- From: Koen Holtman <koen@win.tue.nl>
- Date: Wed, 9 Jul 1997 20:40:32 +0200 (MET DST)
- To: Henrik Frystyk Nielsen <frystyk@w3.org>
- Cc: dmk@bell-labs.com, koen@win.tue.nl, dwm@xpasc.com, http-wg@cuckoo.hpl.hp.com
Henrik Frystyk Nielsen: > >The trust may be based on some out-of-band agreement which is of no concern >to HTTP as such. Yes. >The only thing that HTTP cares about is that all HTTP >messages in and out of the proxy are compliant with the protocol. No. HTTP/1.1 goes to greath lengths to define the relation between the messages in and out of a proxy, and it does this so that people can come together and say `we now trust each other to use a plain HTTP/1.1 proxy without any extensions'. Throwing out all the MUSTs about the relation between the proxy input and output would make the spec useless as a device for trust management in this area.

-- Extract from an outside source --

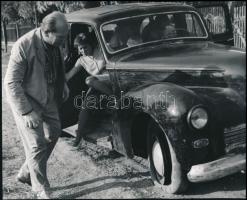cca 1965 Defekt, jelzés nélküli vintage fotó, 21,5x26,5 cm
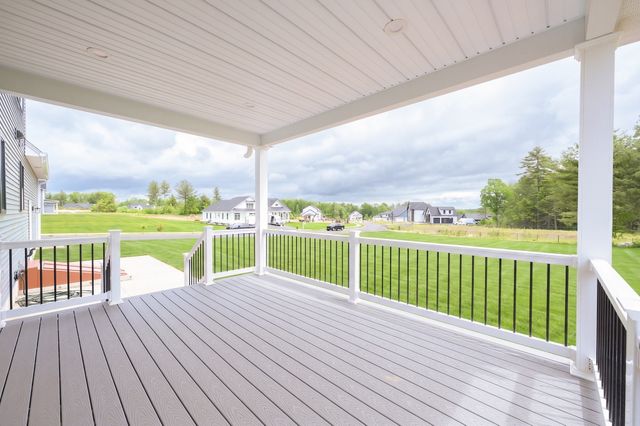 32 Balsam Hill Rd, Ludlow, MA 01056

HTTP/1.1 can only stop caring when nobody uses it to describe trust relations anymore. >What about simply saying that > > The WWW-Authenticate and Authorization header fields are end-to-end >headers > following the rules found in section 14.8 and 14.46. Both the Proxy- > Authenticate and the Proxy-Authorization header fields are hop-by-hop > headers (see section 13.5.1). > >instead of > > Proxies MUST be completely transparent regarding user agent authentication > by origin servers. That is, they MUST forward the WWW-Authenticate and > Authorization headers untouched, and follow the rules found in section >14.8. > Both the Proxy-Authenticate and the Proxy-Authorization header fields are > hop-by-hop headers (see section 13.5.1). No. Throwing out the MUST would make the spec less useful. Leaving it in does no harm; it does not block protocol extensions which violate the MUST. >Henrik Koen.